Background: Use of antibiotics in special population like children is not same as adult. Pediatric age group will have difference in pharmacokinetics, pharmacodynamics, efficacy, and safety of drugs. In children, the maturity of major organs will be in developing stage which would affect the absorption, metabolism, distribution, and excretion of drugs. Hence, irrational prescription of drugs may lead to many adverse effects ranging from mild to severe. In developing countries like India, we do not have much unbiased information on the currently used drugs. Hence, the current study focused on antibiotic use among pediatric population using data from a tertiary care teaching hospital.
Aim and Objectives: The objectives of the study were as follows: (i) To observe antibiotic prescription trends in in-patients of pediatric ward and (ii) to analyze rationality of antibiotic prescription.
Materials and Methods: It is a prospective observational study which was conducted over a period of 1 year.

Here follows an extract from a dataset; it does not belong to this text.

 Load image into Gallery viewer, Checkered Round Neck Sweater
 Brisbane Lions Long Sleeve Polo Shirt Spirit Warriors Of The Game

Institutional Ethics Committee approval was taken before conducting the study. The data of inpatients of pediatric ward were collected in a separate well-designed preform. Inpatients with age group of 014 years were included in the study.
Results: Out of 1050 patients, 471 were below the age group of 1 year, 220 patients were between 1 and 5 years, and 359 patients were above the age of 5 years. The percentage of patients with antibiotic prescribed was 92.1%. Respiratory tract infections were predominantly seen among children, especially bronchopneumonia was seen in 6.6% of the patients. Among the antibiotics, amikacin (483) was most commonly prescribed followed by cefotaxime (414) and ceftriaxone (301).
Conclusion: In our study, we have found that antimicrobials were most commonly used drugs in the form of injectable. To prevent development of antimicrobial resistance, there is necessary of antibiotic policy in each and every hospitals of India.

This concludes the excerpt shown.